Fue en medio del culebrón, en el clímax de la película, cuando las luces se prendieron y yo atónita miré inmediatamente a mi padre, sin entender nada, a lo que mi viejo se limito a decir algo así como: “ahora viene el receso”, apresuradamente pregunte cuánto duraría. No recuerdo si me respondió 15 o 30 minutos, que para mí fueron una eternidad. Pasaron vendiendo dulces, mi papi me debe haber comprado algo haciéndome prometer que no le contaría a mi mamá y que después me comería todo el almuerzo. Asentí.

Cuando La Sirenita se apoderó nuevamente de la pantalla y Ariel comenzó a cantar, don que debería sacrificar con tal de conseguir el amor de su amado, yo soñaba con explotar tan bello talento, quizás el pertenecer al coro del colegio era un primer paso. ¡Qué ilusa! porque hasta ese momento la realidad no me había demostrado que aquel anhelo – que duerme dentro de mí hasta el día de hoy- se haría añicos con el correr del tiempo.
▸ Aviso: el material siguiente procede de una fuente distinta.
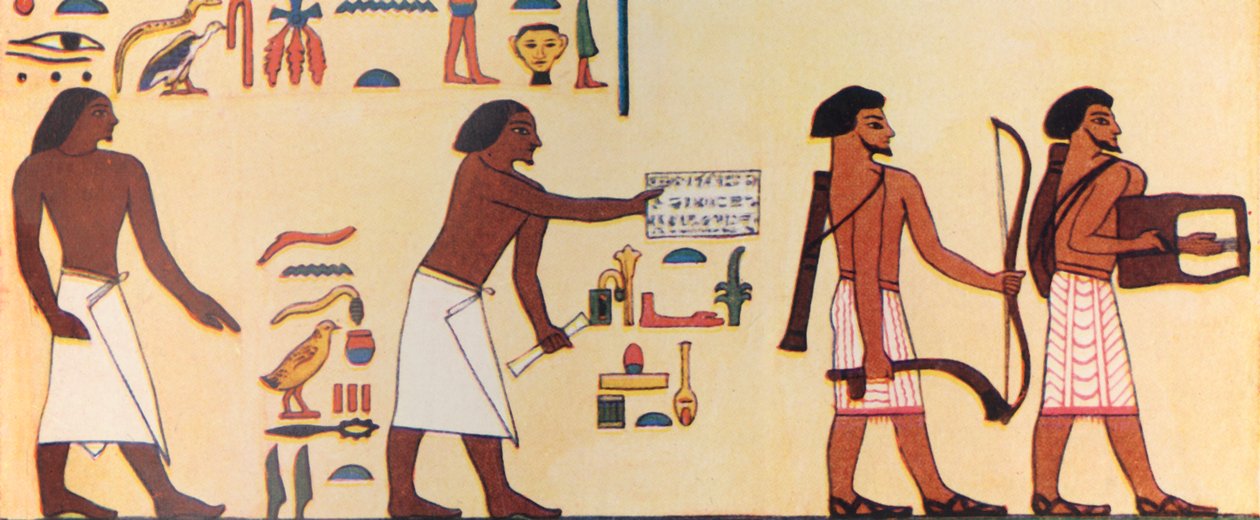Jak starověký Egypťan maloval příchod Izraelitů do Egypta, c1930. od Unbekannt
De repente las luces se prendieron, la película había terminado, era hora de volver a casa a almorzar, quizás el pescado con papas fritas y tomate clásico de los días domingos por ese entonces. Cuando salí del cine de la mano de mi padre, el sol seguía brillando, pero ahora con un destello distinto, porque había conocido algo parecido a la televisión, y a pesar que la diferencia más sustancial radicaba en el porte, esta pantalla gigante destellaba magia, embrujo al que estoy sometida hasta el día de hoy.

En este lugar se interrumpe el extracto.